There have been other changes over the last 10 years. Maye's daughter Ta'corriana, the 18-month old baby who slept on his bed the night of the raid --- the child Maye says he was defending -- is now a playful, mischievous, camera-friendly 12-year-old. Bob Evans, who was fired as the Prentiss public defender for his decision to defend Maye, still has a criminal defense practice just across the street from the Lawrence County courthouse. But he's also now a member of the Mississippi legislature. Two of Maye's main defenders from D.C. law firm Covington & Burling, Abe Pafford and Ben Vernia, have since left to start their own practices. A third, Jessica Gabel, now teaches law at Georgia State University.

WATCH CORY MAYE'S FIRST VIDEO INTERVIEW AFTER BEING RELEASED FROM JAIL:

There are a lot of themes in Maye's story. It is a story about the drug war, about the death penalty, about race and class in the South. It's a story about the inadequacies of the criminal justice system, and it's a story about the conflict between a man's right to defend his home and a creeping tendency of police departments in America to serve routine search warrants by breaking down doors. But looking back over the last five-and-a-half years, here among Maye's party of aunts, uncles, cousins, brothers and sisters, the most poignant moments that come to mind all seem to revolve around family.

Pafford, for example, first read about Maye's case on the conservative website National Review Online. Pafford has a daughter the same age as Ta'corianna and immediately empathized with Maye after pondering what he'd have done if he had been in Maye's position the night of the raid. Evans says that the first thing he thought about upon hearing about the raid was his own son, who is Maye's age and went to school with Maye. That Evans has become a paternal figure for Maye becomes clear when you see the two interact. A half day before the warm embrace when Maye was at a loss for words, for example, I listened to Evans give Maye a fatherly berating for forgetting to call me back for a planned interview.

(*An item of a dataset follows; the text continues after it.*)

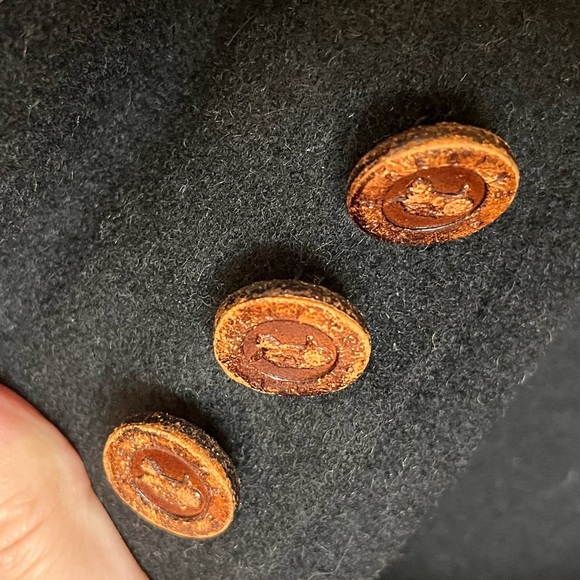 Celine Black Cashmere blazer jacket sz US 8 - Picture 11 of 16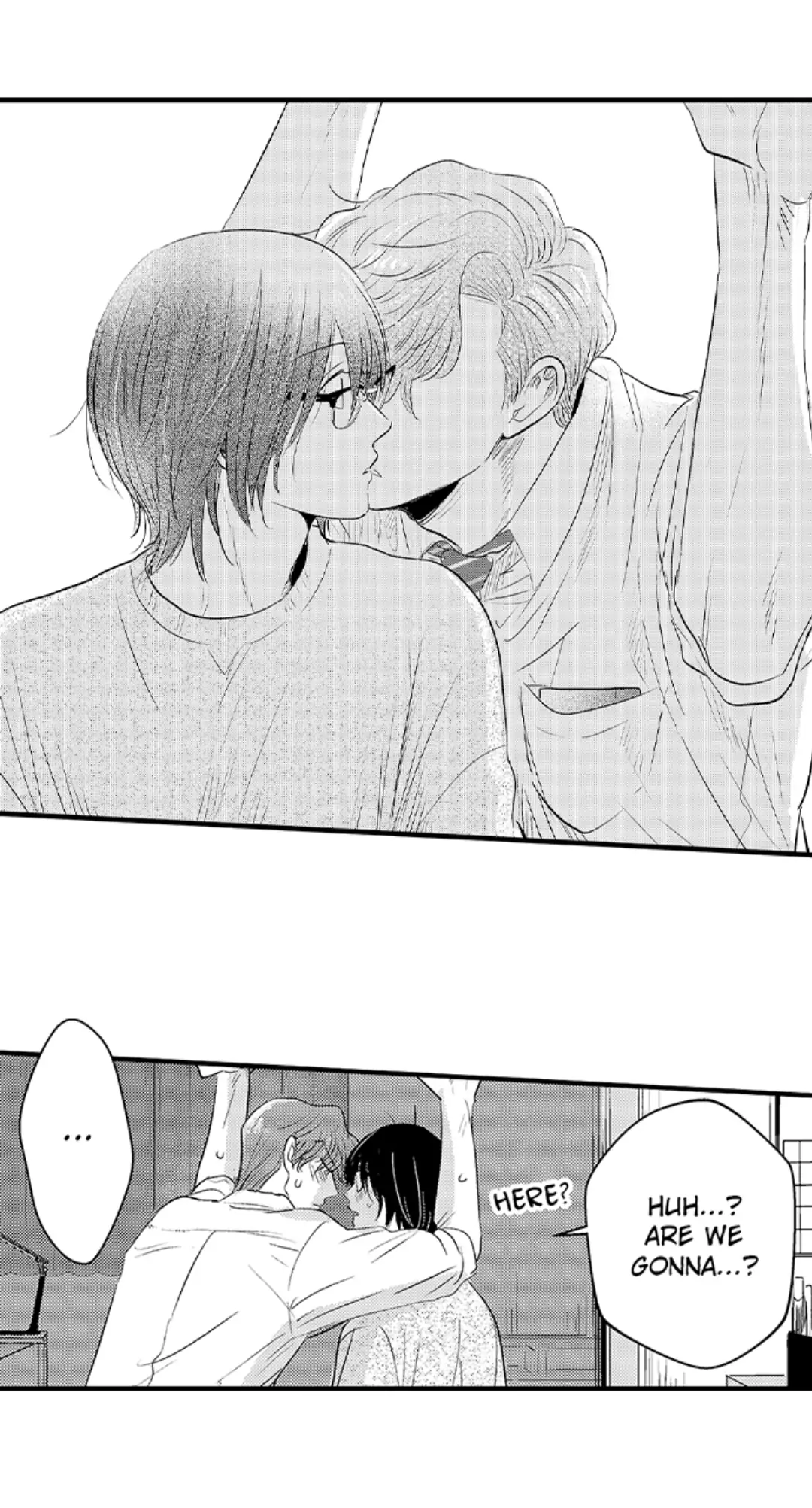 Yatara yarashii fukami kun - Chapter 8 manhwa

For the decade he was in prison, Dorothy Maye was torn between preserving his room for the day she hoped he'd be free, and watching his kids, her grandkids, ask questions, then break into tears, when they'd see their daddy's old bedroom. She is all hugs and smiles today. She's also celebrating her 60th birthday.

Maye's father, Robert Brown, was absent for much of his life, but he returned to his life in Maye's late teens. Brown then emerged shortly after the raid to take charge of Maye's defense. It was Brown who decided to eschew Evans, the public defender, and pool what money the family had to hire Rhonda Cooper, an African-American attorney in Jackson, who convinced Brown that in such a racially-charged case, the family needed a black attorney. Brown's intentions were good, and his instincts may have been right, but the decision backfired. Evans is one of the best defense attorneys in Mississippi. Cooper, who had no death penalty experience, made some critical mistakes and likely cost Maye an acquittal.

Then there's Cory Maye, the father. One of the more moving moments in this saga came during the 2006 hearing in Poplarville, when Mississippi Circuit Court Judge Michael Ewbanks threw out his death sentence. Until that hearing, Maye had been on death row and allowed only "no-contact" visits with his family. That means he could only interact with his kids behind a several-inch-thick plate of glass. No touching, no embracing. Just before that hearing began, Evans called Cory Jr. back to the witness room to see his dad, no glass between them this time. He leapt up, went back for his visit and emerged minutes later with a smile as big as his mouth would hold.

It was also at that hearing that Michelle Longino testified on Maye's behalf. Longino is the grandmother of Ta'corianna and was a character witness for Maye. That in itself is worth appreciating. Here was mother of the woman Maye got pregnant out of wedlock taking a witness stand to attest to what a great father he was to his kids. He cooked for them, she said. He brushed Ta'corianna's hair each morning, laid out her clothes and fed her. There was nothing he wouldn't do for those kids, she said.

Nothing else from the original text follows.